** Try it **
Nothing but the lines below from the one with "14k Two-Tone Gold" through the one with "Stock Image Support" should be output, each exactly as given, and no pictures.

** Data for processing **
________________________________________
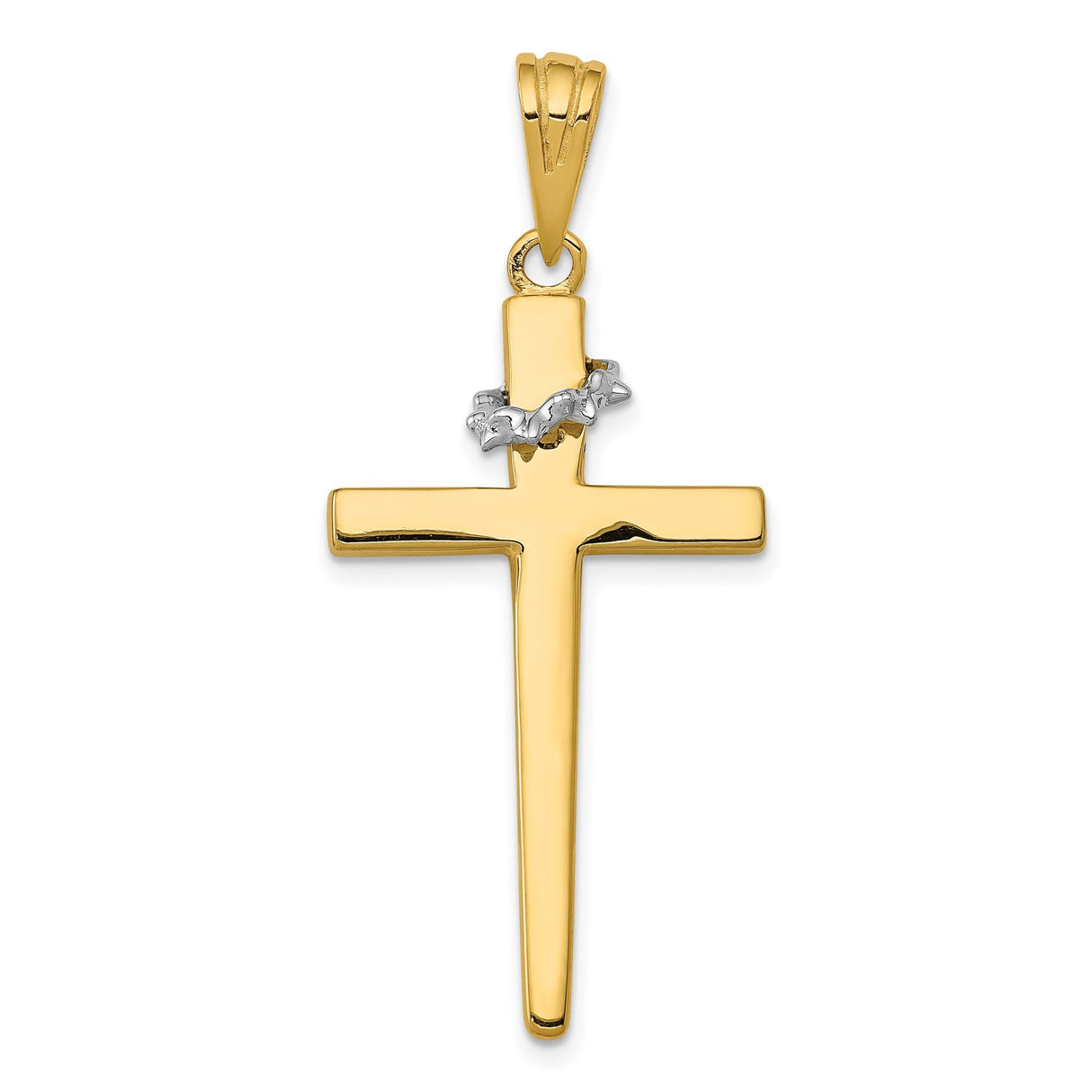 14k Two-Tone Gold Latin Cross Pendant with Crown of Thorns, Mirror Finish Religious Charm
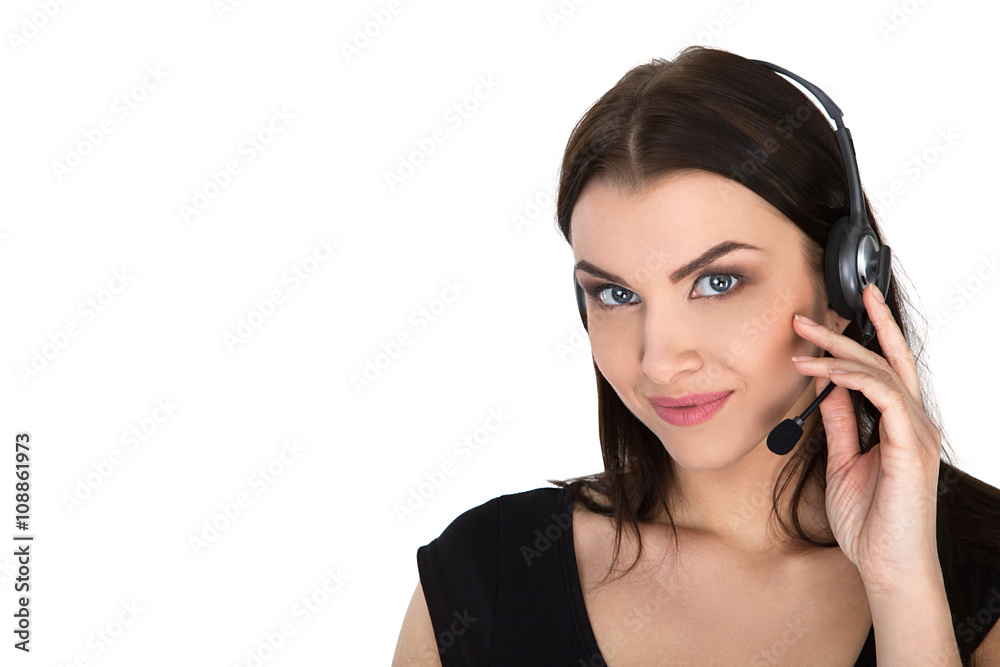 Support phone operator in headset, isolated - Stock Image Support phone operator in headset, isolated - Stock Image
________________________________________
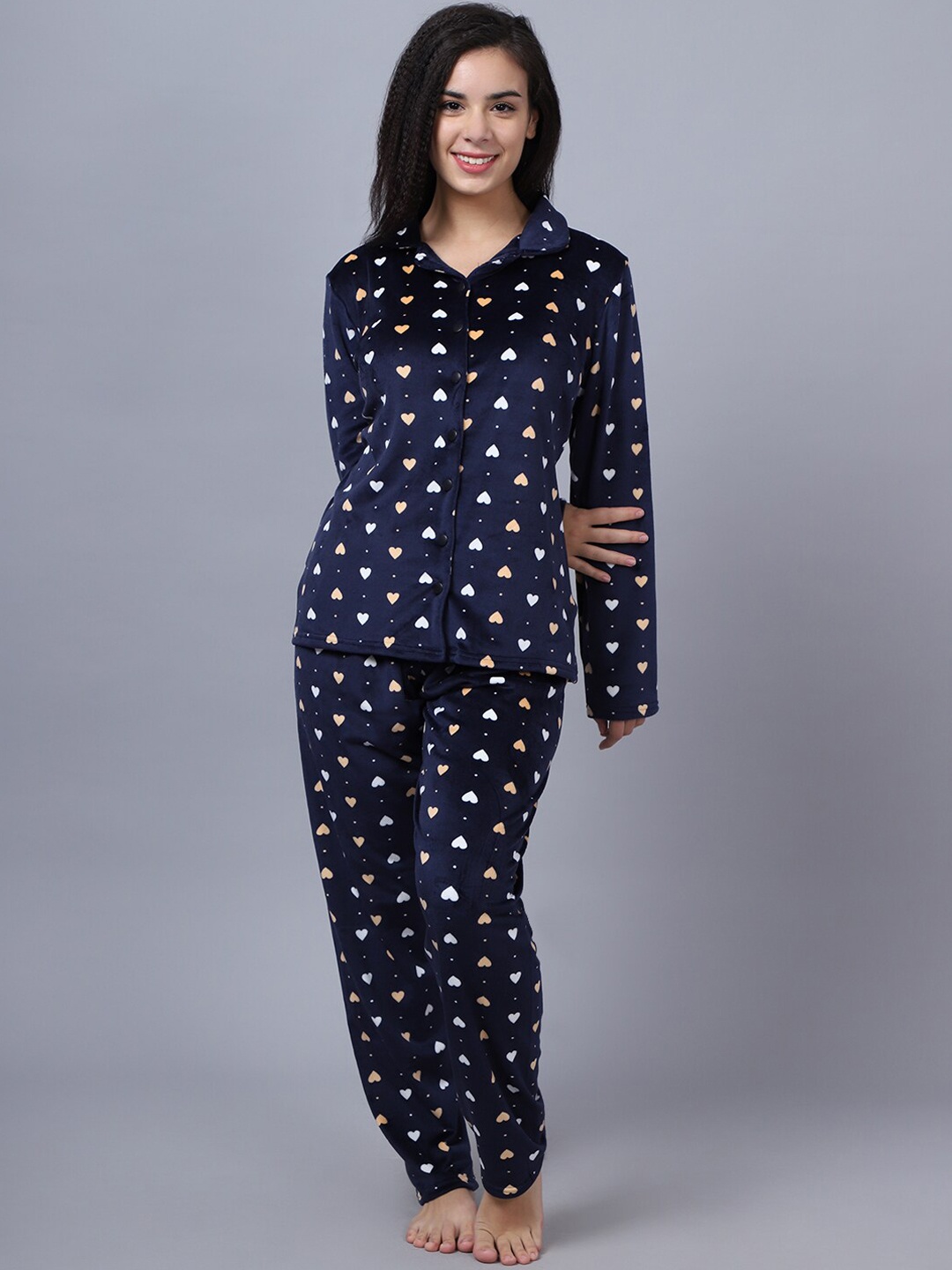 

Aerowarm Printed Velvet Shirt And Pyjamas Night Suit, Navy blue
________________________________________
** Result of this exercise **
 14k Two-Tone Gold Latin Cross Pendant with Crown of Thorns, Mirror Finish Religious Charm
 Support phone operator in headset, isolated - Stock Image Support phone operator in headset, isolated - Stock Image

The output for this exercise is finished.